Write out exactly, and only, the lines below from the line with "42 Katandra Crs, Bellbird Park QLD 4300" through the line with "FOTO 15 Sept_BPBD"; pictures do not belong in the copy.
-------- EXTRACTED RECORDS --------
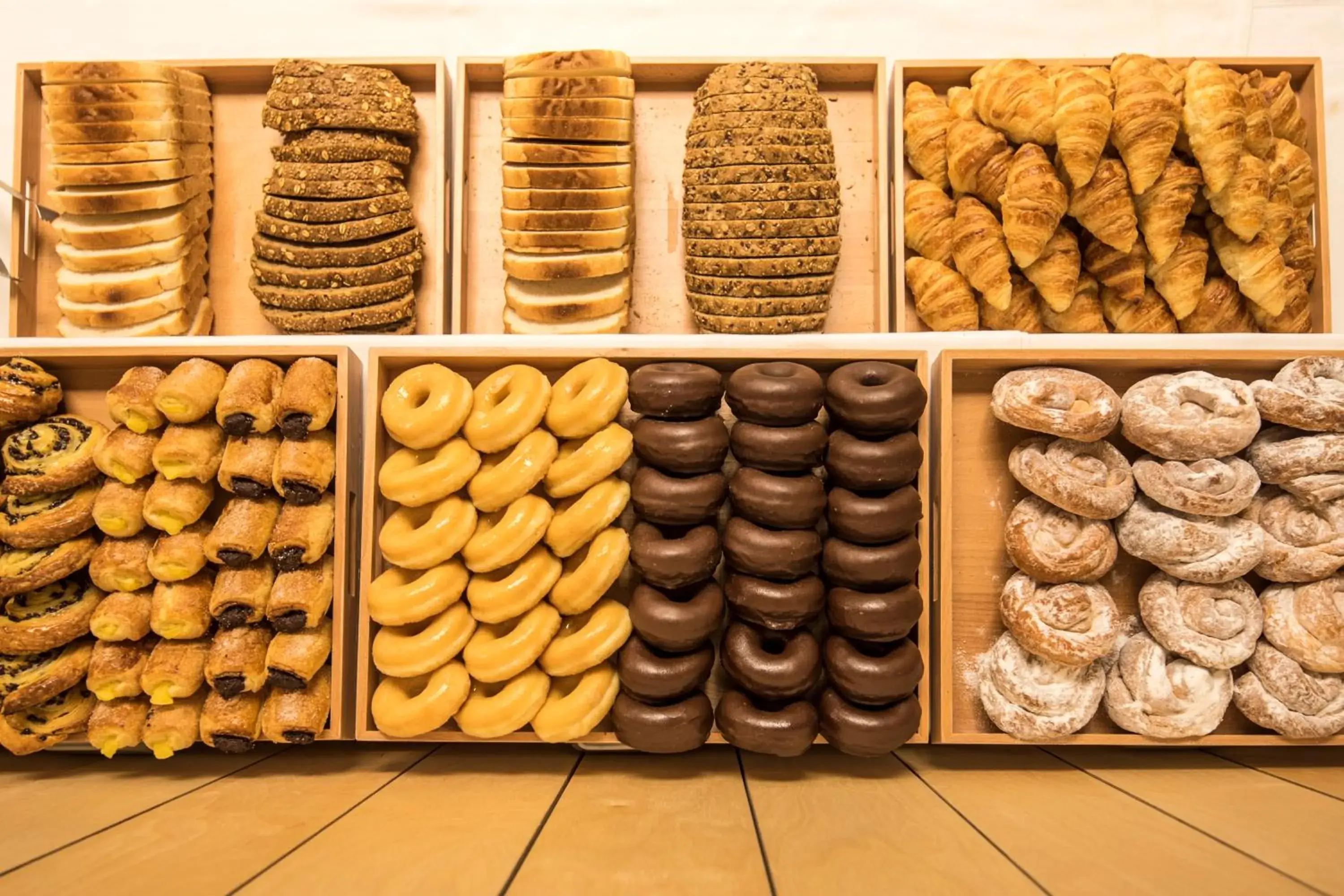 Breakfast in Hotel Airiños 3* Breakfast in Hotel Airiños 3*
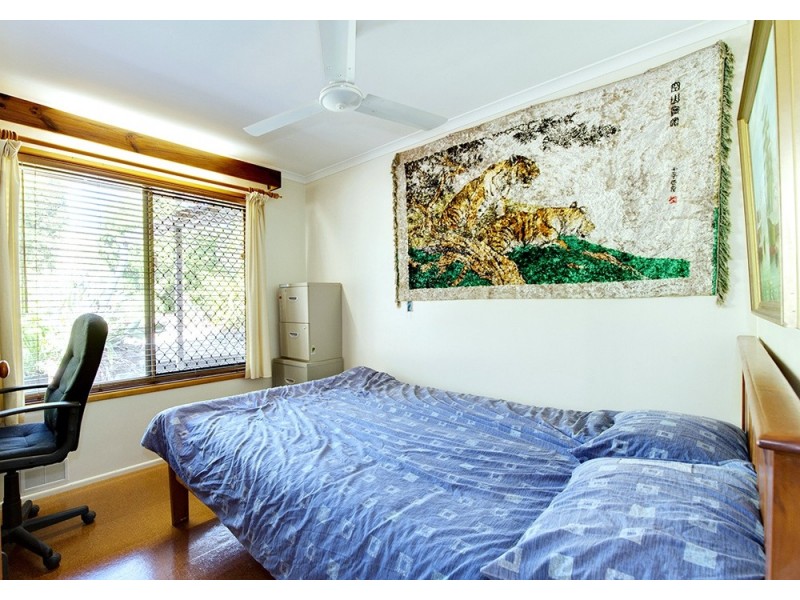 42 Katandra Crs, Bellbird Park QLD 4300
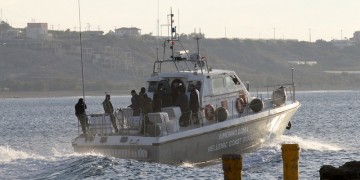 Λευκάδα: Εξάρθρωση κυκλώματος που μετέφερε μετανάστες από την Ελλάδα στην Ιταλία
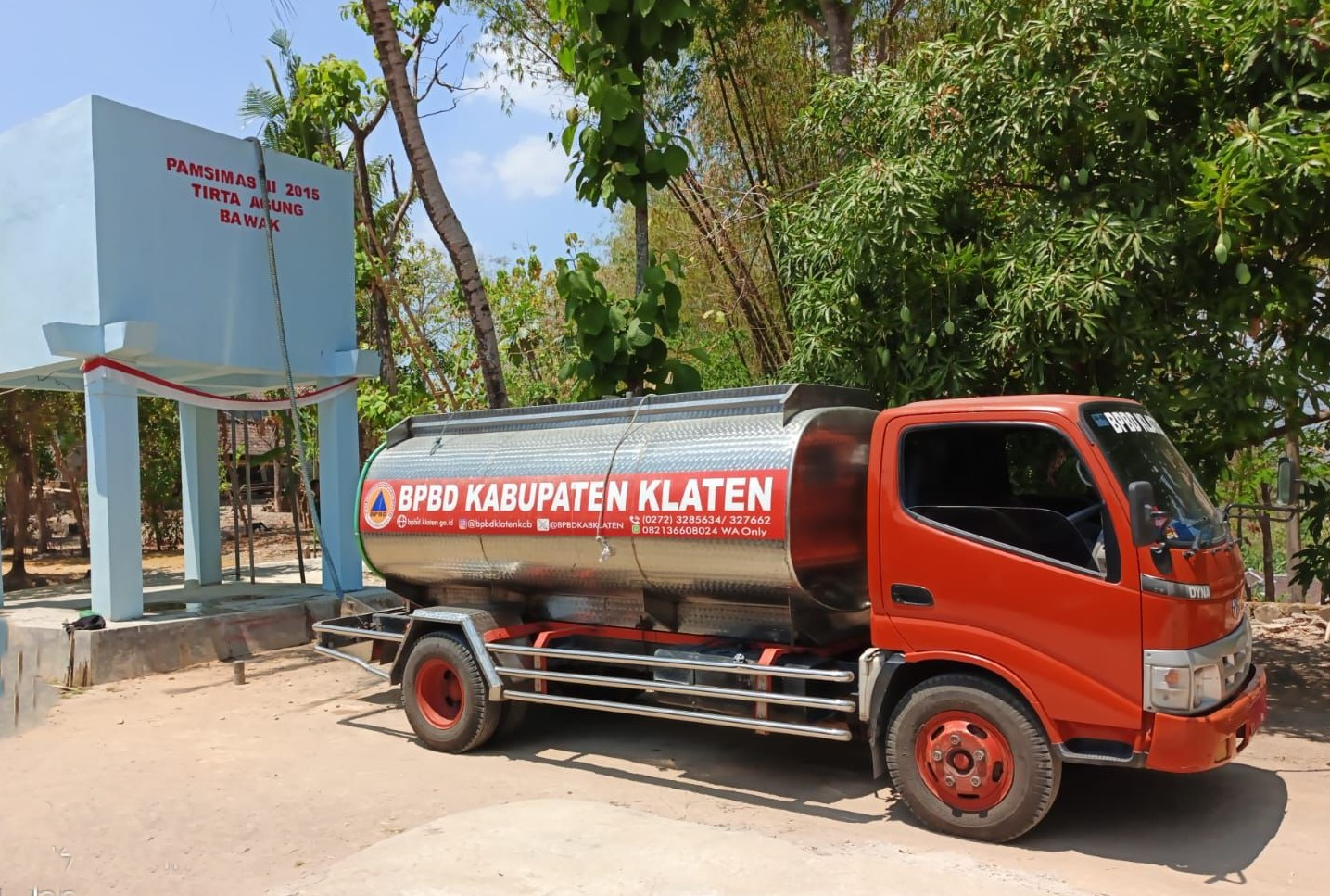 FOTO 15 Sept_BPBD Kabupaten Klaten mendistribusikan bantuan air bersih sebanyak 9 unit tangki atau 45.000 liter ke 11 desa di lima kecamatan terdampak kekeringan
--------
-------- EXTRACTED RECORDS --------
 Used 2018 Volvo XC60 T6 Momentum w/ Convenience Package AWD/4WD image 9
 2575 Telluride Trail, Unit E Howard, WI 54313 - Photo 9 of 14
--------
ANSWER AREA
 42 Katandra Crs, Bellbird Park QLD 4300
 Λευκάδα: Εξάρθρωση κυκλώματος που μετέφερε μετανάστες από την Ελλάδα στην Ιταλία
 FOTO 15 Sept_BPBD Kabupaten Klaten mendistribusikan bantuan air bersih sebanyak 9 unit tangki atau 45.000 liter ke 11 desa di lima kecamatan terdampak kekeringan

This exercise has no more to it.